Ich hatte das Privileg, auch wenn ich äußerlich als Verlierer dastand, meinem Gewissen und der Selbstachtung Vorrang vor Status und materieller Ausstattung einräumen zu können. Geholfen hat schließlich auch harte körperliche Arbeit. Mit Motorsäge und Spalthammer bewaffnet, habe ich als »Amateur-Waldarbeiter« viele Festmeter Buchenholz dem heimischen Kamin zugeführt. Hier ist auch regelmäßiger Ausdauersport zu nennen. Mit jedem Tropfen Schweiß ging Frust ab und es lösten sich innere Verspannungen.

Hat sich zwischenzeitlich jemand bei Ihnen entschuldigt?

Nein. Jedenfalls keiner der Großkopferten. Die Verurteilungen gingen ja von ganz oben – Bundespräsident Rau, Bundestagspräsident Thierse, Bundeskanzler Schröder, Bundesverteidigungsminister Struck, Bundesinnenminister Schily – bis ganz unten in die Leserbriefspalten. Zwei Briefe von Bürgern erreichten mich mit der Aussage, man habe mich zunächst scharf verurteilt, aber nach Lektüre der Rede das eigene Urteil revidiert. Man bitte um Entschuldigung.

Was war an Ihrer Rede – aus Ihrer Sicht – problematisch?

Zunächst gilt festzustellen: Die in der Rede dargestellten, historischen Fakten sind zutreffend. Niemand hat mir hinsichtlich des Kernbereichs eine falsche Angabe vorwerfen können. Der Publizist Alexander Gauland hat das sinngemäß so ausgedrückt: Wenn einer die Höchststrafe erhält, dann muss man schon genau angeben, wo seine Fehler lagen. Allerdings betraf die Rede ein Themengebiet, das in Deutschland als Tabu gilt. Jedenfalls für nicht jüdische Deutsche. Aus dem schrecklichen Völkermord an Juden unter Hitler wurde in unserem Land so etwas wie eine moralische Verpflichtung abgeleitet, Juden ausschließlich in der Opferrolle und sakrosankt zu sehen. Das gilt als Teil einer »moralischen« Wiedergutmachung. So nobel die Motive für diese Haltung sind, sie führen in die Irre. Basis für eine Annäherung und echte Verständigung kann immer nur die umfassende Wahrheit sein. Wer die scheut, dient weder der Demokratie noch der Meinungsfreiheit. Oder wie Sonja Margolina, eine russische Jüdin, schreibt: »Die Welt hat jetzt das Recht, mit Juden wie mit allen anderen zu sprechen«.

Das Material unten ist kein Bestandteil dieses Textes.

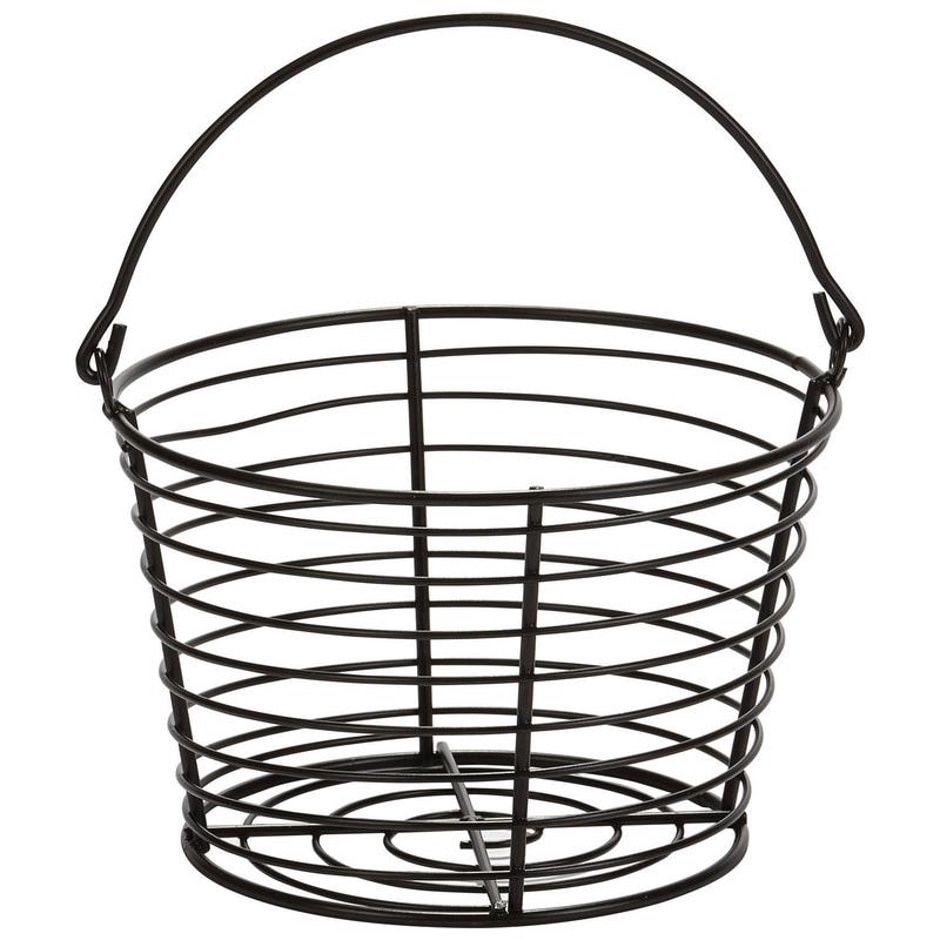 EGG BASKET BLACK SM
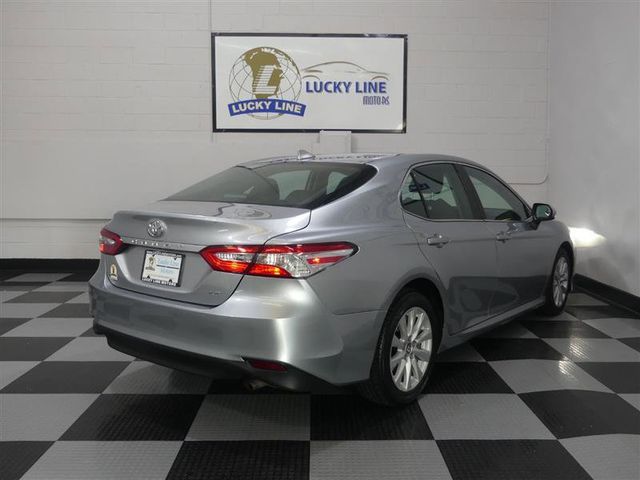 2020 Toyota Camry LE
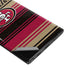 NFL San Francisco 49ers Trailblazer Galaxy Note 10 Plus Skin
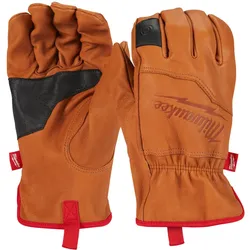 Milwaukee Arbeitshandschuhe Leder XL/10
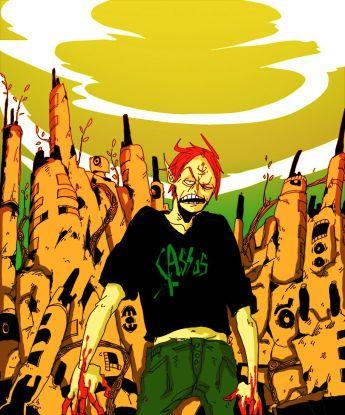 BanArgeno's profile picture. просто Бэн. Из нихуя в нихуя=_=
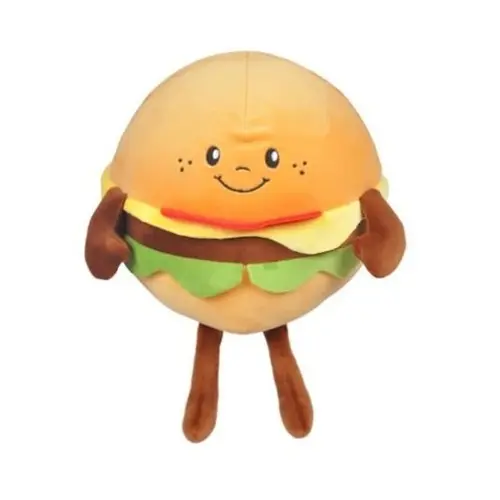 Gifty - Plyšová hračka  BURGER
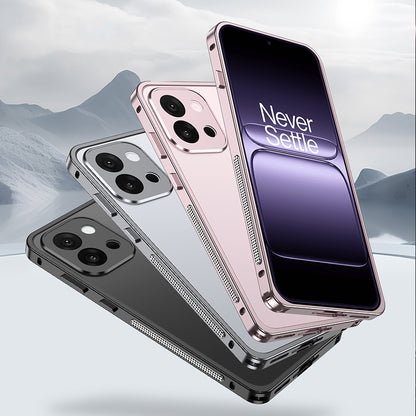 Armor King Supercar Heat Dissipation Metal Bumper Case Cover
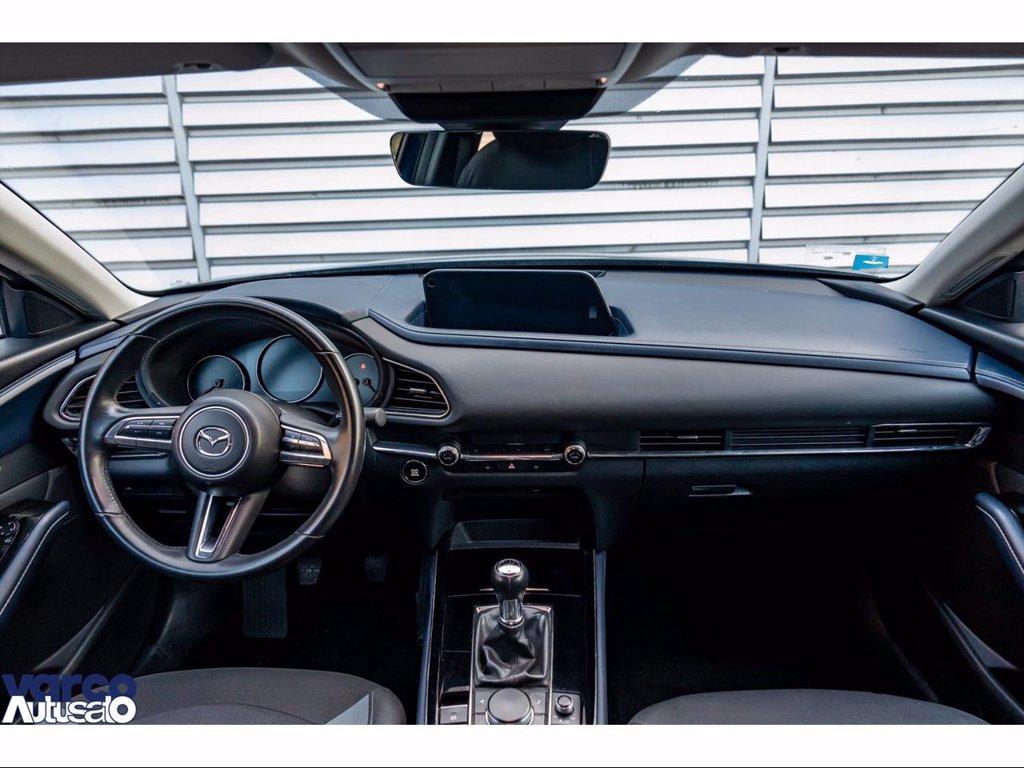 MAZDA Cx-30 2.0 m-hybrid exclusive 2wd 122cv 6mt del 2020
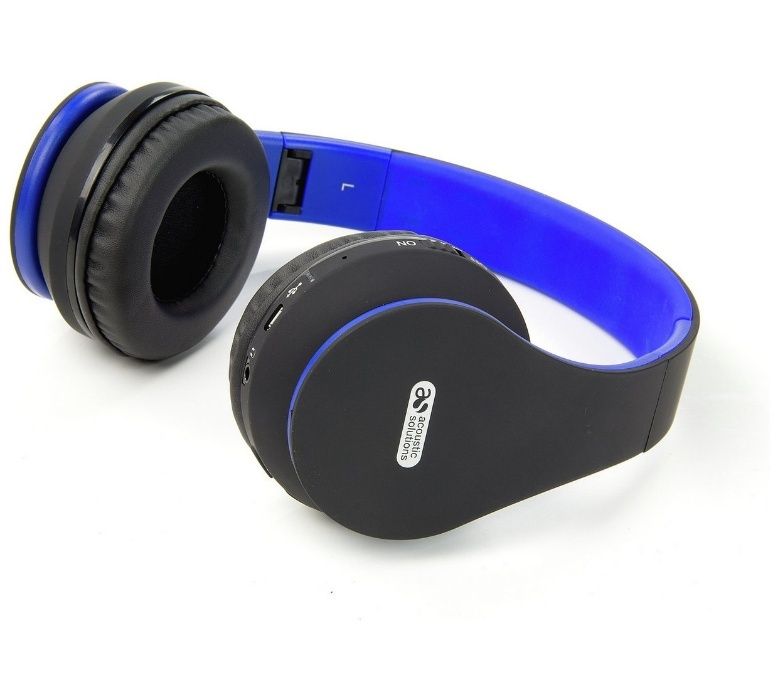 Słuchawki Acoustic Solutions Bluetooth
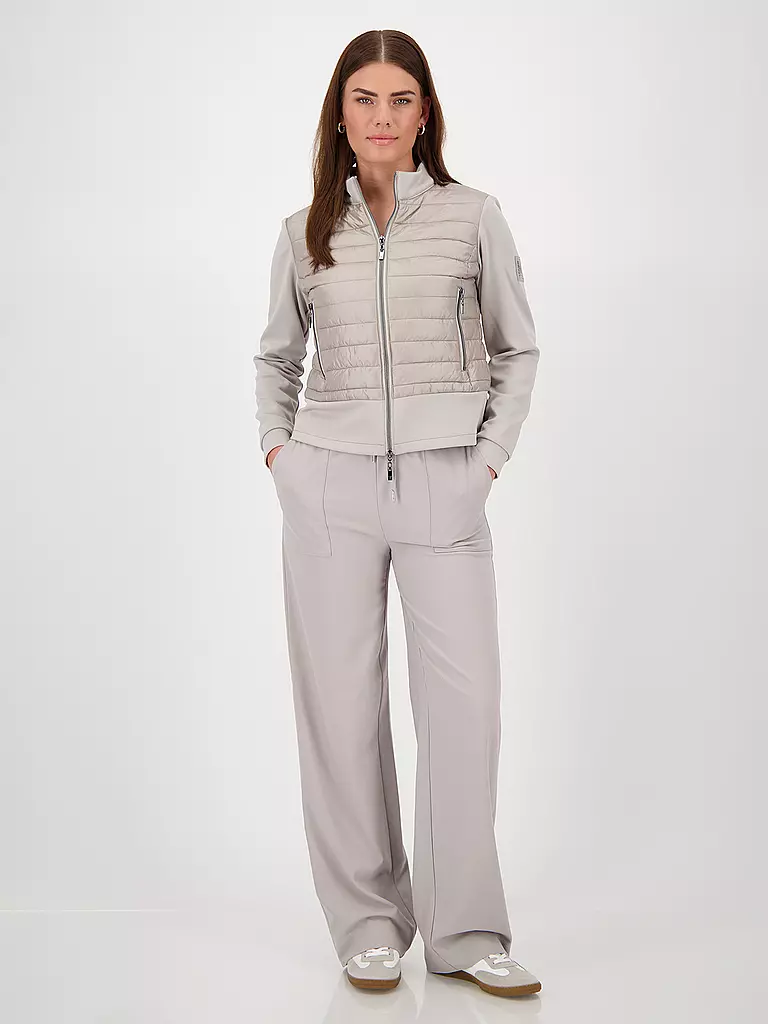 MONARI | Leichtsteppjacke  | beige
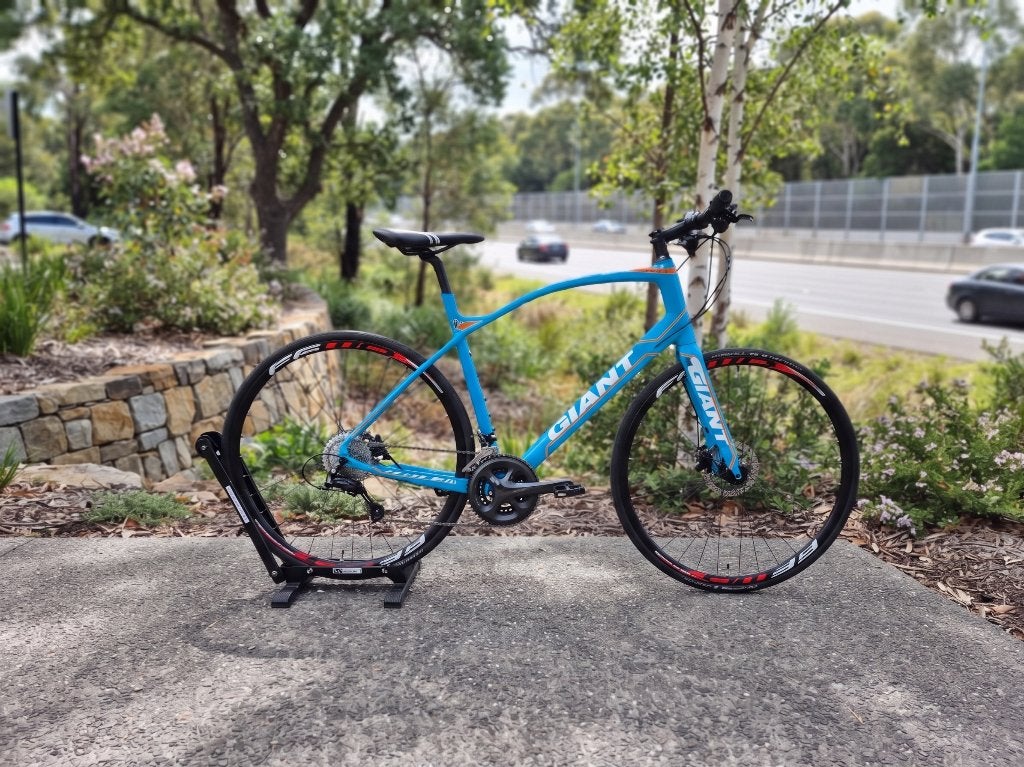 Giant Aluxx SLR XL, Ophalen, Gebruikt, 57 cm of meer, Giant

Würden Sie Ihre Rede so noch einmal halten – oder was würden Sie anders

formulieren?

Noch einmal: Es war nicht die Rede, die den Skandal auslöste, sondern die Falschmeldung der ARD-Tagesthemen. Allerdings: Ohne die Rede kein Skandal. Wenn ich Irritationen und Verletzungen bedenke, wäre es wohl besser, sie nicht gehalten zu haben.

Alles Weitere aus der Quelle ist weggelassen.